Ni Manouchian, ni 18 des 22 résistants de la MOI fusillés avec lui le 21 février 1944, et « panthéonisés » à ses côtés sous forme d’une plaque commémorative, n’avaient la nationalité française – sa veuve, Mélinée, décédée en 1989, l’avait obtenue en 1946 au titre de son action dans la Résistance et les quatre derniers membres étaient français de naissance ou par naturalisation.
Ce ne sont pas les premiers étrangers admis au Panthéon, cette ancienne église dédiée à sainte Geneviève, la patronne et protectrice de Paris ayant vécu au ve siècle, et transformée en temple de la reconnaissance patriotique par décision de l’Assemblée constituante en 1791. Avant les Manouchian, six étrangers avaient eu cet honneur, tous sous le Premier Empire, mais aucun n’était « mort pour la France », selon la formule utilisée pour les soldats tués au combat ; on pourrait, en jouant sur les mots, considérer que l’expression s’applique à Marie Curie, dont la mort prématurée (à 66 ans) n’est pas sans rapport avec ses travaux sur la radioactivité et le radium, pour la plus grande gloire de son pays d’adoption. Mais si Marie était née polonaise, elle était devenue française par son mariage avec Pierre Curie, donc un siècle avant son entrée au Panthéon avec son époux, en 1995.
En cette circonstance, nul n’a rappelé le titre d’un ouvrage de Paul Bonnecarrère (1925-1977), auteur manifestement oublié aujourd’hui comme bien des chantres des armées françaises du xxe siècle (Erwan Bergot, par exemple), coincés entre la honte de la débâcle de 1940 et l’opprobre obligatoire affecté par les nouvelles générations « mondialisées » aux guerres de décolonisation. Bonnecarrère choisit pour son livre de 1968, consacré à la Légion étrangère en Indochine, le titre Par le sang versé. Ce titre reprend lui-même les derniers mots d’un sonnet, intitulé Le Volontaire étranger, composé en 1920 en hommage aux étrangers engagés dans les armées françaises pendant la Première Guerre mondiale, et dont l’auteur, Pascal Bonetti (1884-1975), est encore plus oublié, bien que sa poésie ne soit pas exclusivement martiale et qu’il ait été récompensé deux fois par l’Académie française, en 1934 et en 1961.
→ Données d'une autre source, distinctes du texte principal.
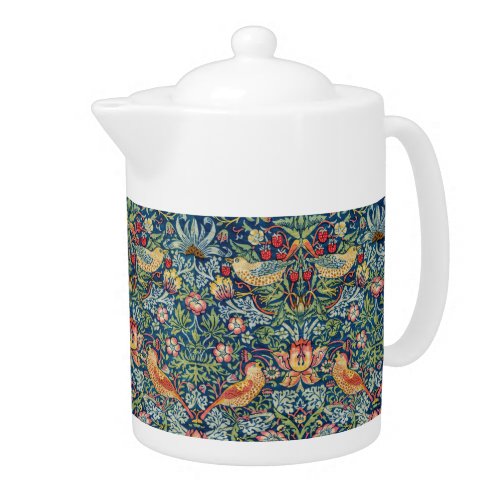 William Morris _ Strawberry Thief Teapot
La dernière phrase du poème de Bonetti, embrassant le dernier vers du premier tercet et l’ensemble du second, mérite d’être citée intégralement :
Qui sait si l’inconnu qui dort sous l’arche immense,
Mêlant sa gloire épique aux orgueils du passé,
N’est pas cet étranger devenu fils de France
Non par le sang reçu mais par le sang versé ?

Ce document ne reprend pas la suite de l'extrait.